Per i Tacocat il “grande salto” a mamma Sub Pop sembrava essere diventato ormai soltanto una questione di tempo: vuoi per la dislocazione geografica del gruppo (Longview, non lontano da Seattle), vuoi perché i primi due album uscivano per la sussidiaria Hardly Art, e infine anche per una mera questione musicale che vede il gruppo per tre quarti femminile fare riferimento a una certa estetica nineties.
“This Mess Is a Place” si posiziona esattamente nella scia degli album precedenti, inscenando un bubblegum pop-rock che guarda al movimento riot grrrls più che altro per il risvolto ideologico delle canzoni che, al femminismo di sempre, aggiungono ora la critica all'amministrazione Trump.
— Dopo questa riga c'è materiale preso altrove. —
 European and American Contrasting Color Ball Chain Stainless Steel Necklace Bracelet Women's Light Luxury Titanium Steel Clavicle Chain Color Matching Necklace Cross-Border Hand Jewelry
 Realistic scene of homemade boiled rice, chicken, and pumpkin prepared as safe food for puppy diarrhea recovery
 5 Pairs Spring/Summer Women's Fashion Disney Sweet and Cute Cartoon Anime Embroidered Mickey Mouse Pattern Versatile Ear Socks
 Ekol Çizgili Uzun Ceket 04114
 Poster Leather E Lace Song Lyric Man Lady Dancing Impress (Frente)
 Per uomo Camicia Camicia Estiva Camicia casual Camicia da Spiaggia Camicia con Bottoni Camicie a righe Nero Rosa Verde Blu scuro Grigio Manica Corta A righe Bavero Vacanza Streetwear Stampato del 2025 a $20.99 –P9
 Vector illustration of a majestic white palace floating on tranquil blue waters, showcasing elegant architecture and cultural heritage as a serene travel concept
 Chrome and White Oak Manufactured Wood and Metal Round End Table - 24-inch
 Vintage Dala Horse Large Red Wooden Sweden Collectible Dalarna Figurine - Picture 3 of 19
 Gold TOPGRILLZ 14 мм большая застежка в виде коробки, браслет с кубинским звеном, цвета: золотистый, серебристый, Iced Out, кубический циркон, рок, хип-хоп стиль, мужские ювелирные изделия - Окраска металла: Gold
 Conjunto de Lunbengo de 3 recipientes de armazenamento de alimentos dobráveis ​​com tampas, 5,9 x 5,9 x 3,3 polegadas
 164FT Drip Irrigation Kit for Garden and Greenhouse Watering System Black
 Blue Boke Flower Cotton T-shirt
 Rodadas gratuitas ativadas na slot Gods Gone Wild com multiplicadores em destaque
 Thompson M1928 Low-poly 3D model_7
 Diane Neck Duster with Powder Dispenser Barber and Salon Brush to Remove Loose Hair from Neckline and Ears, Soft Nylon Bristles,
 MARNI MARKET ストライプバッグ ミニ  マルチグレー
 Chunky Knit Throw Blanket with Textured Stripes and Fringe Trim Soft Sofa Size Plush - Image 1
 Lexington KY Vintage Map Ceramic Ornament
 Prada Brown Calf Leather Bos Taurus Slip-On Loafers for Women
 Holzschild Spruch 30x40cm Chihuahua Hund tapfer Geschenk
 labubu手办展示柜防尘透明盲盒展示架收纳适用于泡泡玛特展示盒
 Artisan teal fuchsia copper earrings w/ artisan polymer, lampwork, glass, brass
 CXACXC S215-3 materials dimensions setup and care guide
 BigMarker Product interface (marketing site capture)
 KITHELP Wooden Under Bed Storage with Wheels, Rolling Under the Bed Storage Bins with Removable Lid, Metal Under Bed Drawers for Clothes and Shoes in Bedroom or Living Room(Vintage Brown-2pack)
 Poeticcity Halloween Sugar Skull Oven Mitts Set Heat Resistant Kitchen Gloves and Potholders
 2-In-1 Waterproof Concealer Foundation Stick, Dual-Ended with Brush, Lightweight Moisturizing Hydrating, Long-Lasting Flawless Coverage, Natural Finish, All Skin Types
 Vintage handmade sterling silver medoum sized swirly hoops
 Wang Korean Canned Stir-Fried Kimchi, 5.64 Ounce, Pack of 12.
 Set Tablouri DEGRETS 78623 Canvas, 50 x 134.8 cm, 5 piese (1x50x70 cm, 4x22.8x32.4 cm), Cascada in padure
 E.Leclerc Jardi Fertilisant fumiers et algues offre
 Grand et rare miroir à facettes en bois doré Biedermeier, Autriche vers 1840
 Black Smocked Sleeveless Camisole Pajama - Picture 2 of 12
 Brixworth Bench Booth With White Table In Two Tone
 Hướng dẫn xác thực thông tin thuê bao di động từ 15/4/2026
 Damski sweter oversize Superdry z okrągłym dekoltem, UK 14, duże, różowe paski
Per strada però è andata persa un po' della freschezza degli esordi, nonostante le dieci canzoni di questo terzo lavoro in studio provino a trattenere lo smalto di sempre: il metronomo resta in media elevato, le melodie non mancano di strizzare l'occhio a scenari da spiagge assolate, come nello pseudo-funk di “Grains Of Salt”, forse il capitolo più propriamente pop in scaletta.
Più in generale la scaletta si muove tra coordinate garage oriented – “Hologram”, “Little Friend” - e accelerazioni punk-pop come “New World” e “The Problem”, con Breeders e Sleater-Kinney che rimangono sempre sullo sfondo, più totem ai quali ispirarsi che modelli ai quali rifarsi. Non manca il capitolo surf-rock, qui rappresentato da “The Joke Of Life” che, in ultima analisi, è forse anche il migliore estratto.
Niente di nuovo (né di particolarmente eccitante) sul fronte occidentale, ma “This Mess Is A Place” resta a suo modo una frivola colonna sonora delle prossime giornate estive.